Sergeant Major reflects on his past, looks to his future
By Pfc. Sullivan Laramie
| | April 22, 2013
CAMP LEJEUNE, N.C. --
Sometimes a smell will flood his memories and he is drawn back in time. On other occasions, he encounters someone he knows from his time in the Marine Corps and it brings the past back to him.
Sgt. Maj. John E. Bankus, the outgoing sergeant major of 8th Engineer Support Battalion, 2nd Marine Logistics Group, is transferring to Training and Education Command, or TECOM. He reflected on his time within the Marine Corps after handing over his sword and position here, April 18.
“It was an interesting dynamic,” said Bankus, a native of Bloomburg, Penn. “I’ve served with Marine Corps Base Camp Lejeune, 2nd MLG and 2nd Marine Division. Serving with [TECOM] will be a different viewpoint on how the Marine Corps functions as far as going through Marine Combat Training or Advanced Infantry Training and getting Marines to the [Fleet Marine Force].”
Bankus, who was born in January 1974, grew up in a military family. His two grandfathers served in the Marine Corps, one during World War II and the other during the Korean War. His father also served in the Army.
“I knew at 17 I needed to see a recruiter, sign up and do at least four years, and that’s what I initially did,” Bankus said. “I kept enjoying it and doing four more years, and I woke up one day and it was 20. Here it is and I’m only six months away from 21 years and I still enjoy it.”
Bankus enlisted in late 1992 and became a tank crewman, he said.
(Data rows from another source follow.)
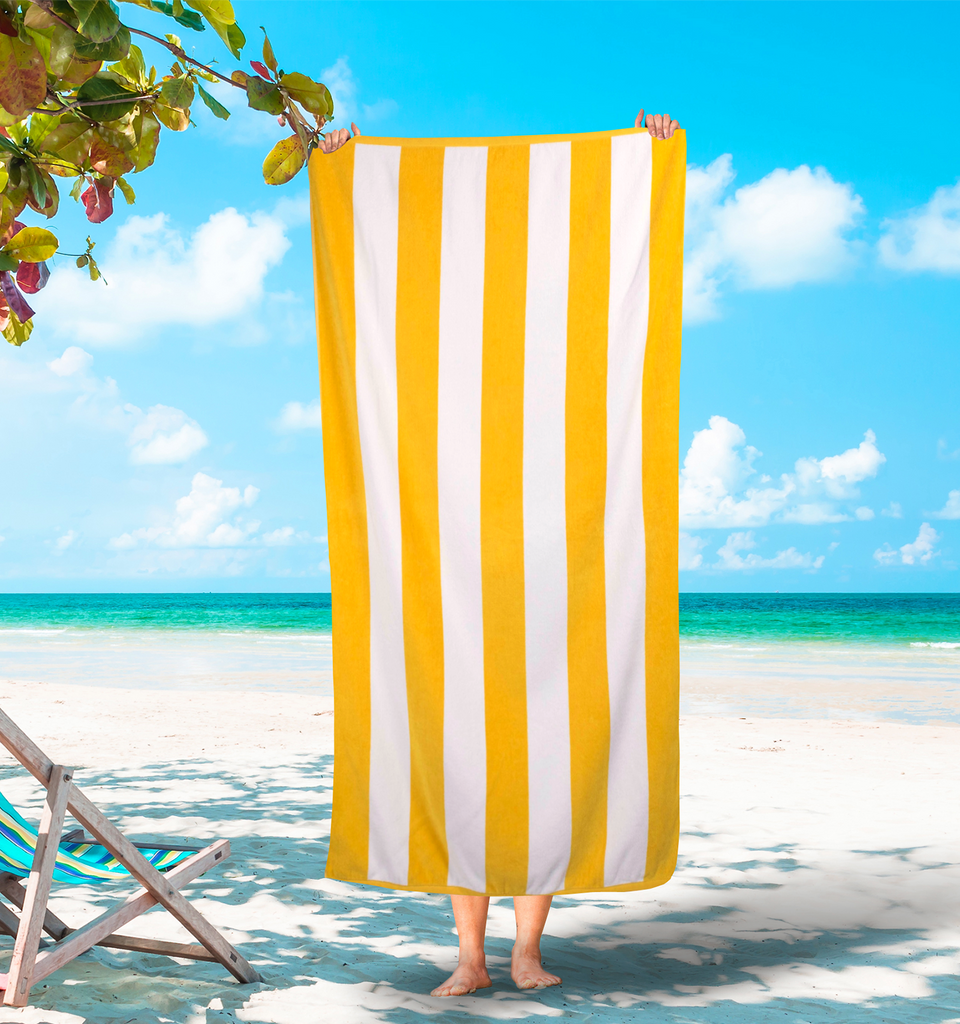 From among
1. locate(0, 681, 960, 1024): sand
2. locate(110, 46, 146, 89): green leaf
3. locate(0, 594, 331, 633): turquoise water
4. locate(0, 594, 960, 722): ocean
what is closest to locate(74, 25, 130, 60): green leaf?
locate(110, 46, 146, 89): green leaf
A favorite memory was the first push into Iraq 11 years later. Bankus said, for him, the invasion was a culmination of all his training.
“I’ve been on five deployments, three to Iraq and two to Afghanistan,” said Bankus. “I’ve had the opportunity to serve with the Marine expeditionary unit combat logistics battalions and do some of the workups with them. A lot of my time has been spent in [the United States].”
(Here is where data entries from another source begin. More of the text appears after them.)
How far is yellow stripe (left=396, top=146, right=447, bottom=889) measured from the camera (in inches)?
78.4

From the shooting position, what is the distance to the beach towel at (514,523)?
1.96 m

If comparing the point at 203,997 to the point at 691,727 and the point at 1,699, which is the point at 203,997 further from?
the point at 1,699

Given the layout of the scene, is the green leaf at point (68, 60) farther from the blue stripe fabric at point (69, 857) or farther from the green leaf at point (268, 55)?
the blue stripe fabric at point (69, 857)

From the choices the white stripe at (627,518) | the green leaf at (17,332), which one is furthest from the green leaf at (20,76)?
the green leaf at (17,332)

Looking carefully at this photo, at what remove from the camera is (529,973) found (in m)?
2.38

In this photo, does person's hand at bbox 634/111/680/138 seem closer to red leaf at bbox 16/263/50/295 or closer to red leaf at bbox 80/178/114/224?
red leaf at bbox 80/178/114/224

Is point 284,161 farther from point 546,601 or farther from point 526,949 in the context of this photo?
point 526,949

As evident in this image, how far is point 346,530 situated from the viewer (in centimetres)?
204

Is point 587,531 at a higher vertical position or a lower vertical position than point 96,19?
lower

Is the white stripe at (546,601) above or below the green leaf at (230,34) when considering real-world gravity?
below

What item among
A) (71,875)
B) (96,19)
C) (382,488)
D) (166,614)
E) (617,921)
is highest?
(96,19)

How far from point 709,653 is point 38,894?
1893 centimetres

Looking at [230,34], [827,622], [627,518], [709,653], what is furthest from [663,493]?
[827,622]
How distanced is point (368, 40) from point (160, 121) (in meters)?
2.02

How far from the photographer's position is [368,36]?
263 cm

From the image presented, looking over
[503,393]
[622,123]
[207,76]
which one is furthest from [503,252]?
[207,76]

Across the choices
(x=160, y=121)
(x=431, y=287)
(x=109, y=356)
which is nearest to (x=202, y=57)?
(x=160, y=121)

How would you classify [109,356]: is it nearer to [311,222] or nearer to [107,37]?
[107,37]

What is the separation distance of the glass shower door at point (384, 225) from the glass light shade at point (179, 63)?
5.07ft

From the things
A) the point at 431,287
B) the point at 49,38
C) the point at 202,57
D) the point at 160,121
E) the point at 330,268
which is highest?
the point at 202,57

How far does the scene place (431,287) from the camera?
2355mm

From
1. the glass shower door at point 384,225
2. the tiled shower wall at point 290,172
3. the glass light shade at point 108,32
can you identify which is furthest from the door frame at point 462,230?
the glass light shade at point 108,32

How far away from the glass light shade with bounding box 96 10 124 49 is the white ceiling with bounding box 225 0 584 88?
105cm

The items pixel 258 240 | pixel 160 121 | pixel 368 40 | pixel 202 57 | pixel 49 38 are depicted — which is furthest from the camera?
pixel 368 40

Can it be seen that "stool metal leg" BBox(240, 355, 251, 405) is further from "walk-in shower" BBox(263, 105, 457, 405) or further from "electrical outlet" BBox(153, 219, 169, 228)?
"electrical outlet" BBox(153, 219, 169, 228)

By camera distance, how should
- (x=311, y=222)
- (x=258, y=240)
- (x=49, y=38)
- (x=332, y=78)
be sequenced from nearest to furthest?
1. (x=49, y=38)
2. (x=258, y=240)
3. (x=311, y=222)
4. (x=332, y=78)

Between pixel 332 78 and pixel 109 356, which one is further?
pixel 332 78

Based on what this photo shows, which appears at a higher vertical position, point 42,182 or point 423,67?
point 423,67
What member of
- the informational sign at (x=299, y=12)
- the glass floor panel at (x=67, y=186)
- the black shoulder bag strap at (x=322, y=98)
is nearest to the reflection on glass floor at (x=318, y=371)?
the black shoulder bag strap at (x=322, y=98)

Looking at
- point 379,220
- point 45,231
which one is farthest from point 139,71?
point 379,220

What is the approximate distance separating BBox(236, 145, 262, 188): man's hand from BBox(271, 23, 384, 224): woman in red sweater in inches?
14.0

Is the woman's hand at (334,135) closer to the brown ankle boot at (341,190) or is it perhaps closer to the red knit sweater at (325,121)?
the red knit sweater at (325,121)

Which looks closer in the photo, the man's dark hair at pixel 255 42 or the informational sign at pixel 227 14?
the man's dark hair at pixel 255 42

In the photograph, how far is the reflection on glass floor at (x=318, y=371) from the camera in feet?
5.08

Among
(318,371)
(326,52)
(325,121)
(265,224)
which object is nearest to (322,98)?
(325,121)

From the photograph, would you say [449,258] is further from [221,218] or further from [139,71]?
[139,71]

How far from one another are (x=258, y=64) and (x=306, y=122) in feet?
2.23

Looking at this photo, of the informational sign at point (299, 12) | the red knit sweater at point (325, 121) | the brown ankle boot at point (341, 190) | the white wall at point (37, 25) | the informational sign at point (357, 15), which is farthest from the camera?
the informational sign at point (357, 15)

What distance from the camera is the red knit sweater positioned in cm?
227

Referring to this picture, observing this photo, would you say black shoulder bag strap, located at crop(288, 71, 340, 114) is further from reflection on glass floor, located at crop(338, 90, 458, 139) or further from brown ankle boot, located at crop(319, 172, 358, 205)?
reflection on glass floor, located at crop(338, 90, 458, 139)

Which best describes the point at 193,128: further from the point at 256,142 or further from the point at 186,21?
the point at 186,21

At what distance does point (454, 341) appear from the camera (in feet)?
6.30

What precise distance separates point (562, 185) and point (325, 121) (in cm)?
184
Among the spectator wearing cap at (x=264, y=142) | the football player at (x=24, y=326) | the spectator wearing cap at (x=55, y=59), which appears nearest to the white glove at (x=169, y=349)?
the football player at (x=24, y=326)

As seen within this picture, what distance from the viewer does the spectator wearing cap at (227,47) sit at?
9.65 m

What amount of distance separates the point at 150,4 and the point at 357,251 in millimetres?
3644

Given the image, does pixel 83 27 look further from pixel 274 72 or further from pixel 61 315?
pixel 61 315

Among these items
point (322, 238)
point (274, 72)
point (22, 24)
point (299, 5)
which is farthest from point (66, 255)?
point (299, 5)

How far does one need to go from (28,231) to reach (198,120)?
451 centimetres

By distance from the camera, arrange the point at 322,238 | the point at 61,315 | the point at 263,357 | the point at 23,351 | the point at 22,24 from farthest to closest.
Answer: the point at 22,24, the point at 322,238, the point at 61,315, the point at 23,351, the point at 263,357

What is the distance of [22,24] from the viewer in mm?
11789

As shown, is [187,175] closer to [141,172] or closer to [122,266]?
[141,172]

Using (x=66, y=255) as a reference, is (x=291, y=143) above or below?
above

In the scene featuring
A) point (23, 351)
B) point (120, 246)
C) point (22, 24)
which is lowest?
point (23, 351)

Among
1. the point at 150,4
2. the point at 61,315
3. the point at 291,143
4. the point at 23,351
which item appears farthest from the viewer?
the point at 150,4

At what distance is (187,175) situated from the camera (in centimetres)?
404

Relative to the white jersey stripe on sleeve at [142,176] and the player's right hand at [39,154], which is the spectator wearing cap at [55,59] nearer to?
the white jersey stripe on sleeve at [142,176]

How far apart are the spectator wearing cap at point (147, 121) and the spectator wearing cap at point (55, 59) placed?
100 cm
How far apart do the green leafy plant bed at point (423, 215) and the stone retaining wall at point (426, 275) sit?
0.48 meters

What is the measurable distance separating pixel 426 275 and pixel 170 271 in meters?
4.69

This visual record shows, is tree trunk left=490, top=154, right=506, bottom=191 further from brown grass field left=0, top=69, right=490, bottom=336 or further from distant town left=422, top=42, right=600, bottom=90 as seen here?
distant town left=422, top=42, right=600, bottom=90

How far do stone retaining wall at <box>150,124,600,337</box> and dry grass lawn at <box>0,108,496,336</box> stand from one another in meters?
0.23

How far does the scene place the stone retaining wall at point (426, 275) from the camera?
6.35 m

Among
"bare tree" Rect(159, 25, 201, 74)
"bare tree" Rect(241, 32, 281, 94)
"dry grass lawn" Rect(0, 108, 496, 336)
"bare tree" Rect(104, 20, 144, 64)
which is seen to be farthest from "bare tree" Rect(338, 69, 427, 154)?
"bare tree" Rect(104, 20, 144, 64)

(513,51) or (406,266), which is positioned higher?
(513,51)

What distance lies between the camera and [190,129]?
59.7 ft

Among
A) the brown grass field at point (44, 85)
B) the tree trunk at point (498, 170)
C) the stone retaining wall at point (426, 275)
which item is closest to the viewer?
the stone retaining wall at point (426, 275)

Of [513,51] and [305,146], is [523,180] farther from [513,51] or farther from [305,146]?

The time Bankus spent on military bases in America was a contributing factor in his decision to become a first sergeant, and later a sergeant major, he said.
“That was one of the main reasons I decided to get out of my initial military occupational specialty,” Bankus said. “There were only two locations for a tank crewman to go: Twentynine Palms or Camp Lejeune. I’m really looking forward to the opportunity to be stationed at [School of Infantry West, Camp Pendleton, Calif.]”
While the sergeant major looks to what awaits him, he also looks back at his accomplishments and those he spent time with as a contributing factor to his success.
“You’ll draw upon an individual, and that will broaden the scope of your memory,” said Bankus. “Sometimes I’ll reflect on some of the smells from the Iraq days, [the scent] will flood my long-term memory and will bring back that memory, or I’ll run into somebody who’s still in the Marine Corps and he’ll say, ‘I remember you from wherever’, and that in turn will bring some reflections of the past.”
Wherever Bankus goes, he brings his experience and uses it to help those around him. He thanks everyone who acted as a mentor for him and wants to help in the same way.
“I try to make positive impacts by drawing upon my experiences and imparting them to the young Marines,” Bankus said. “I think [mentors] constantly change. You’ll pick up more as your landscape changes or your career changes … I think you’re always going to pick somebody out who you want to be like. There are qualities in that individual that are exactly what you want to put in your toolbox.”